Sheri Vanino, PsyD

Intimate Partner Violence
What is Intimate Partner Violence?
Intimate partner violence is also known as partner abuse, spousal abuse, domestic violence, or battering. It involves one partner attempting to control another through emotional, physical, or sexual abuse. Domestic Violence can occur in any type of intimate or familial relationship, including straight, gay, or bisexual relationships. Although victims of abuse are often women, men can also be victims. If there are children in the home, they are often victims themselves or threatened, used as a control tactic by the perpetrator.
Examples of Relationship Abuse
· Actual or threatened abuse
· Name-calling or putdowns
· Humiliation
· Threats
· Keeping a partner from contacting their family or friends
· Withholding money
· Stopping a partner from getting or keeping a job
· Sexual assault
· Stalking
· Intimidation
If you are being abused, REMEMBER
1. You are not alone
2. It is not your fault
3. Help is available
Why Doesn't The Victim Just Leave
Leaving an abusive relationship difficult.

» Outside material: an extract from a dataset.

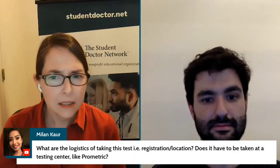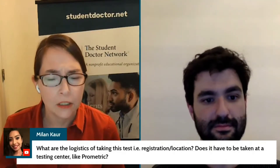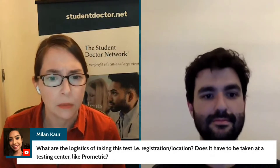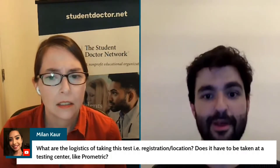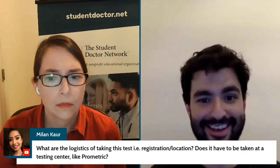The logistics of taking the test. This is something you take from home, on your own computer — it's a home-based test. It has to be taken from your computer with the best working Wi-Fi that you can manage.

Why doesn't she just leave? Unfortunately, many people don't understand the complicated dynamics of intimate partner violence. But if you are in an abusive relationship, you know that it’s not that simple. Ending an intimate relationship is never easy, especially one that involves the intense ups and downs of domestic violence. Add being isolated from your family and friends, psychologically worn down, financially controlled, and physically hurt or threatened, and many victims cannot see a way out. Children make the situation even more complicated.
If you’re trying to decide whether to stay or leave, you may feel confused, uncertain, frightened, and torn. One moment, you may desperately want to get away, and the next, you may want to hang on to the relationship. Maybe you even feel guilty and blame yourself for the abuse or feel weak and embarrassed because, in the past, you've chosen to stay.